Overview
A NSW Government agency, responsible for a critical application managing up to 3 million transactions
annually from multiple providers, partnered with DevOps1 to ensure the robustness and scalability of their
platform.
The project focused on implementing a rigorous performance testing framework and a secure Site Reliability
Engineering (SRE) platform.
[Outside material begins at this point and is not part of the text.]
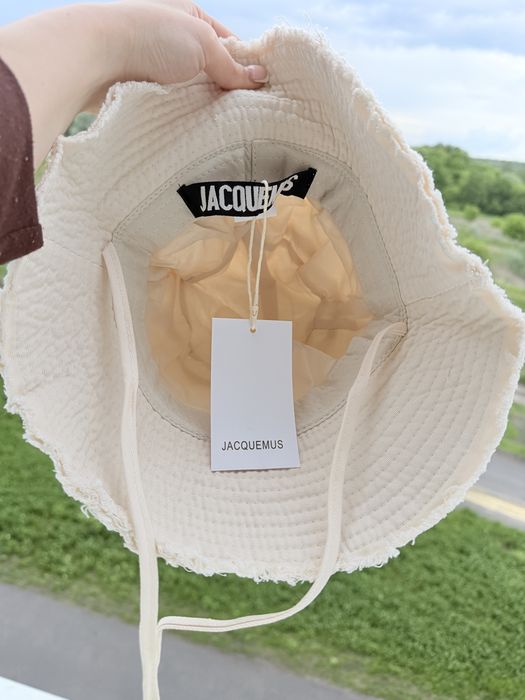Жіноча панама Jacquemus жакмюс рожева бежева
By integrating advanced tooling and AI-driven analysis, the agency aimed to
proactively identify performance and quality requirements and ensure seamless service delivery.
Challenges
The agency faced several critical challenges in ensuring the reliability of their high-volume transaction
system:
- High Transaction Volume: The application processes up to 3 million transactions per
year, requiring absolute stability and performance under load.
- Complex Integration Ecosystem: Data is ingested from multiple external providers,
creating complex integration points that are prone to bottlenecks.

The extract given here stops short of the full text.